Rientra a Cuba la brigata di salvataggio e soccorso che ha aiutato in Venezuela dopo i terremoti

Soccorritori cubaniFoto © Facebook / Minint Hoy

La Brigata di Salvataggio e Soccorso del Ministero dell'Interno (MININT) di Cuba è tornata sull'Isola nella serata di domenica dopo diverse settimane di operazioni in Venezuela, dove ha fornito supporto alle vittime dei devastanti terremoti del 24 giugno.

Según informó il MININT nei suoi social media,  gli specialisti sono stati ricevuti dai generali del Corpo d'Esercito Álvaro López Miera e Lázaro Alberto Álvarez Casas, ministri delle Forze Armate Rivoluzionarie e dell'Interno, rispettivamente.

Foto: Facebook / Minint Hoy

Il contingente era composto da 18 specialisti di diversi organi dell'istituzione armata, che hanno lavorato per diverse settimane nello stato di La Guaira insieme a personale medico cubano e di altre nazioni.

Foto: Facebook / Minint Hoy

La missione si è svolta nel contesto di uno dei disastri naturali più distruttivi nella storia recente del Venezuela: una doppia scossa sismica di magnitudo 7.2 e 7.5, separate da appena 39 secondi. La Guaira è stata dichiarata Zona di Disastro e le cifre ufficiali al 23 luglio registravano 5.398 decessi, mentre l'ONU stima fino a 50.000 dispersi.

Captura di Facebook / Minint Hoy

I soccorritori hanno operato specificamente a Caraballeda, dove hanno lavorato nel recupero di cadaveri sepolti sotto le macerie e nella messa in sicurezza di strutture crollate.

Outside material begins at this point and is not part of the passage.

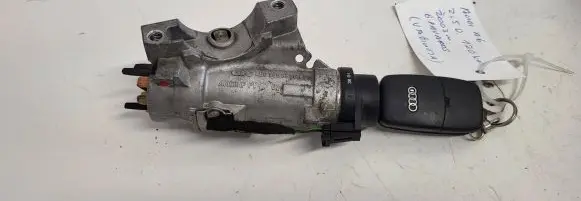 Audi A6 S6 C5 4B Ignition lock 4B0905851G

Uno dei membri ha descritto l'entità di quanto vissuto: «Una situazione estremamente catastrofica, un sinistro che in Cuba non abbiamo mai visto, un'esperienza che portiamo per Cuba, per trasmettere ai pompieri e ai soccorritori che rimangono nei nostri comandi».

Un giorno prima della partenza, sabato, gli specialisti sono stati celebrati a Caracas con la Medaglia 16 Aprile e il Premio dell'Amicizia Venezuela-Cuba, in un evento organizzato dall'Ambasciata di Cuba in Venezuela e dal Gruppo di Lavoro Nazionale.

Quella distinzione si è aggiunta alle onorificenze che il governo venezuelano, guidato dalla presidente incaricata Delcy Rodríguez, ha conferito ai soccorritori cubani il 4 luglio, quando hanno ricevuto la medaglia «Eroi e Eroine del Venezuela» in una cerimonia con 478 specialisti di 12 nazioni.

Parallelo ai lavori di soccorso, un team di otto medici legali cubani -l'unico team internazionale specializzato nell'identificazione di cadaveri che ha operato insieme alle autorità venezuelane- è riuscito a identificare tra 50 e 60 corpi al giorno a La Guaira durante i primi giorni di luglio.

Il ritorno della brigata è avvenuto in una data ricca di simbolismo per il regime cubano: il 26 luglio, Giornata della Ribellione Nazionale, che il MININT ha sfruttato per inquadrare la missione come espressione di «impegno umanista e solidarietà» con il popolo venezuelano.

La missione, tuttavia, ha avuto una dimensione dolorosa che il regime non ha messo in evidenza nel suo comunicato: mentre i soccorritori venivano decorati, almeno 20 cubani risultavano scomparsi e otto erano stati confermati morti, tra cui una famiglia di sei membri ritrovata a Playa Grande. Il MINREX ha impiegato giorni per riconoscere ufficialmente la situazione dei propri cittadini colpiti dai sismi.

La brigata è stata il primo dei contingenti inviati da Cuba: un gruppo iniziale di 13 specialisti con tre cani addestrati -Tito, Eva e Choco- è arrivato in Venezuela il 28 giugno, seguito da un secondo gruppo di soccorritori, chirurghi e forensi con oltre sette tonnellate di attrezzature specializzate.